DATA PROVIDED: Begin
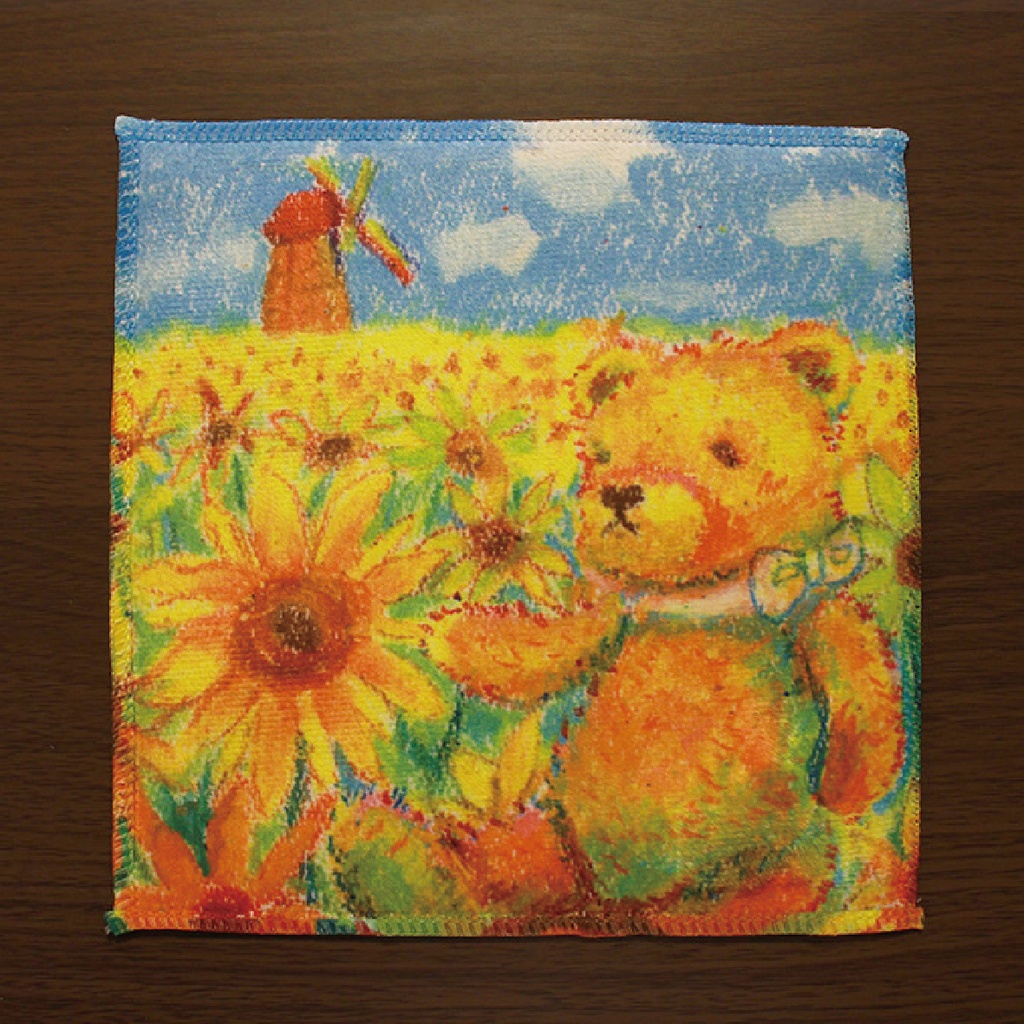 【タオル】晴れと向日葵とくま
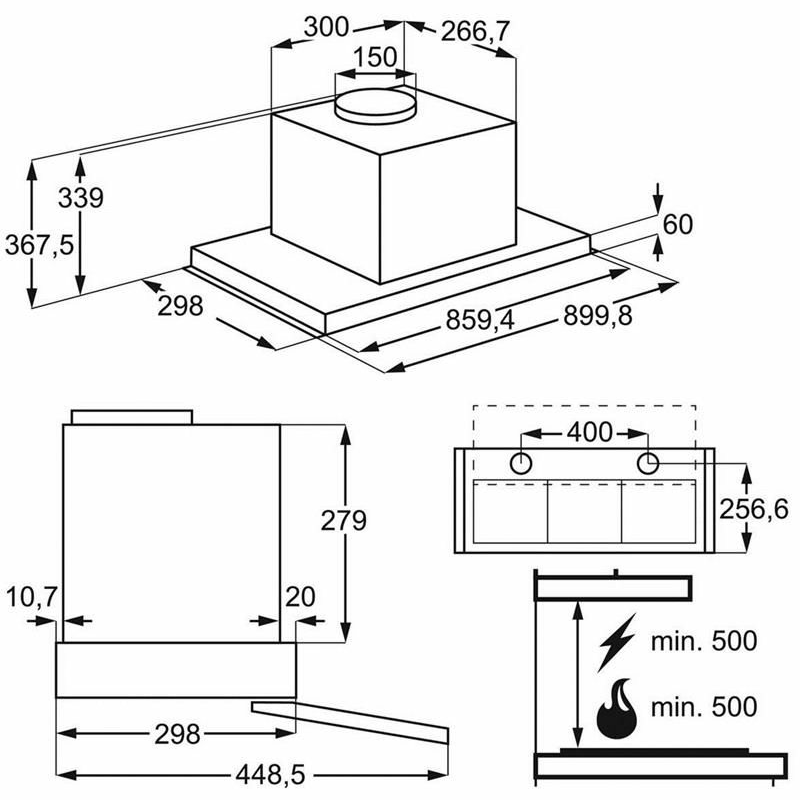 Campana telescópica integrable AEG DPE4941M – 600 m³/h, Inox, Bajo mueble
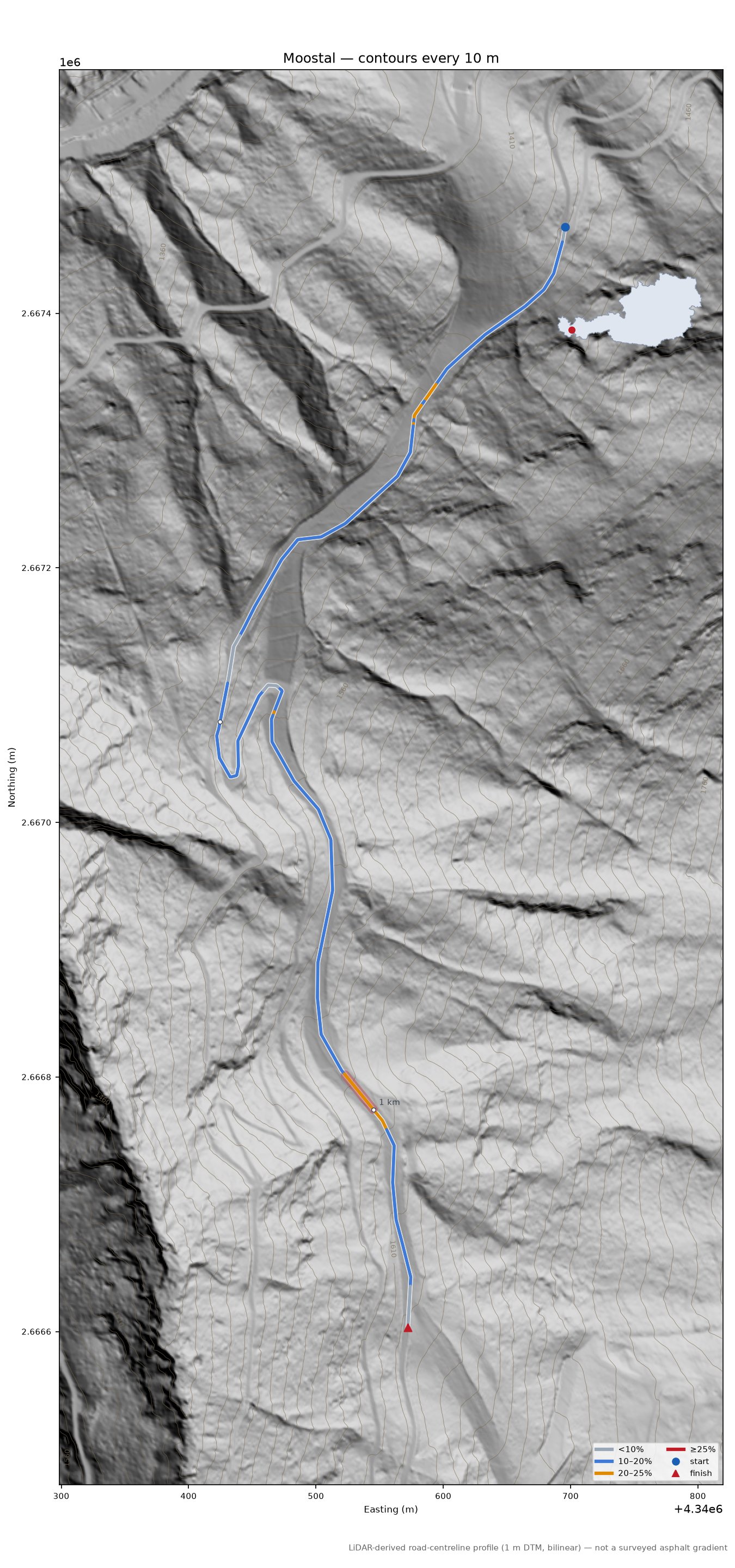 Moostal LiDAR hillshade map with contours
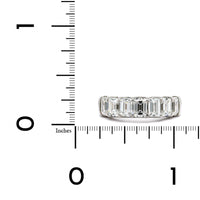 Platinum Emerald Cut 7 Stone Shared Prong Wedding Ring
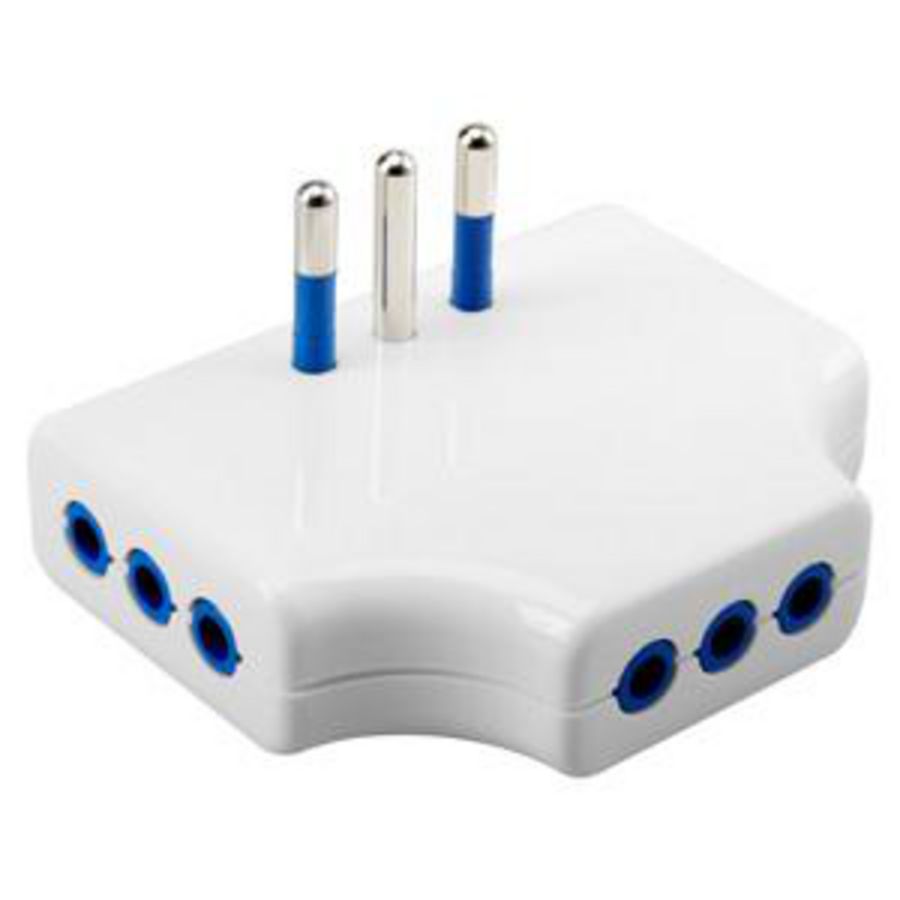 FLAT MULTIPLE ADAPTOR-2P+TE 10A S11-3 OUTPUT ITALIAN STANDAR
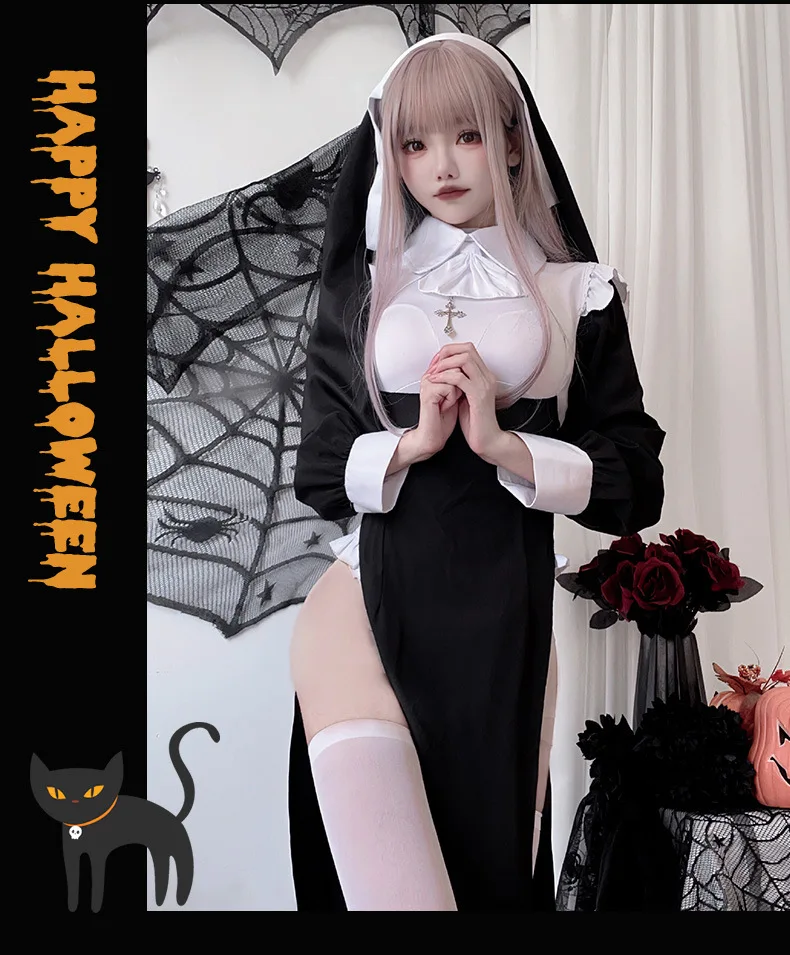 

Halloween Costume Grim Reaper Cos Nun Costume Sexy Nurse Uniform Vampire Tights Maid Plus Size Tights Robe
DATA PROVIDED: End
Every line from the one holding "Moostal LiDAR hillshade map with contours" through the end of the records above must be reproduced verbatim, pictures excepted.

 Moostal LiDAR hillshade map with contours
 Platinum Emerald Cut 7 Stone Shared Prong Wedding Ring
 FLAT MULTIPLE ADAPTOR-2P+TE 10A S11-3 OUTPUT ITALIAN STANDAR

Halloween Costume Grim Reaper Cos Nun Costume Sexy Nurse Uniform Vampire Tights Maid Plus Size Tights Robe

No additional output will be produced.